This quality standard covers adults (18 years and older) with a suspected or confirmed diagnosis of community‑acquired pneumonia. For more information see the pneumonia topic overview.
Pneumonia is an infection of the lung tissue. When a person has pneumonia the air sacs in their lungs become filled with microorganisms, fluid and inflammatory cells and their lungs are not able to work properly. Diagnosis of pneumonia is based on symptoms and signs of an acute lower respiratory tract infection, and can be confirmed by a chest X‑ray showing new shadowing that is not due to any other cause (such as pulmonary oedema or infarction). The NICE guideline on pneumonia classifies pneumonia depending on the source of the infection as community‑acquired or hospital‑acquired, which need different management strategies.
Every year between 0.5% and 1% of adults in the UK will have community‑acquired pneumonia. It is diagnosed in 5% to 12% of adults who present to GPs with symptoms of lower respiratory tract infection, and 22% to 42% of these are admitted to hospital, where the mortality rate is between 5% and 14%. Between 1.2% and 10% of adults admitted to hospital with community‑acquired pneumonia are managed in an intensive care unit, and for these patients the risk of dying is over 30%. More than half of pneumonia‑related deaths occur in people older than 84 years.
At any time, 1.5% of hospital patients in England have a hospital‑acquired respiratory infection, more than half of which are hospital‑acquired pneumonia and are not associated with intubation. Hospital‑acquired pneumonia is estimated to increase a hospital stay by about 8 days and has a reported mortality rate ranging from 30% to 70%. There are variations in clinical management and outcomes across the UK.

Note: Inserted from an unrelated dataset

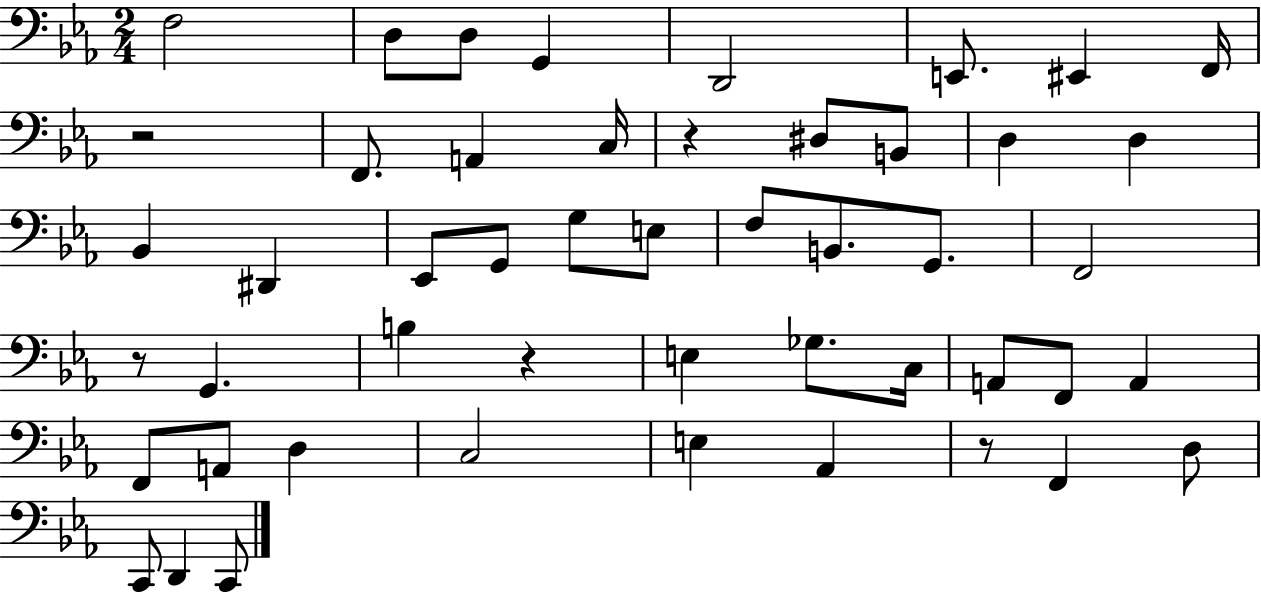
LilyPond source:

The quality standard is expected to contribute to improvements in the following outcomes:
hospital admission and re‑admission
length of hospital stay
health‑related quality of life
inappropriate antibiotic use.
NICE quality standards are a concise set of prioritised statements designed to drive measurable improvements in the 3 dimensions of quality – patient safety, patient experience and clinical effectiveness – for a particular area of health or care. They are derived from high‑quality guidance, such as that from NICE or other sources accredited by NICE. This quality standard, in conjunction with the guidance on which it is based, should contribute to the improvements outlined in the following 2 outcomes frameworks published by the Department of Health:
Ensuring that care is safe and that people have a positive experience of care is vital in a high‑quality service. It is important to consider these factors when planning and delivering services relevant to pneumonia. In particular, it will be important to ensure that adults with pneumonia have an understanding of how long it may take to recover as well as when they may need to seek further advice.
NICE has developed guidance and an associated quality standard on patient experience in adult NHS services (see the NICE Pathway on patient experience in adult NHS services), which should be considered alongside this quality standard. They specify that people receiving care should be treated with dignity, have opportunities to discuss their preferences, and be supported to understand their options and make fully informed decisions. They also cover the provision of information to patients and service users. Quality statements on these aspects of patient experience are not usually included in topic‑specific quality standards. However, recommendations in the development sources for quality standards that affect patient experience and are specific to the topic are considered during quality statement development.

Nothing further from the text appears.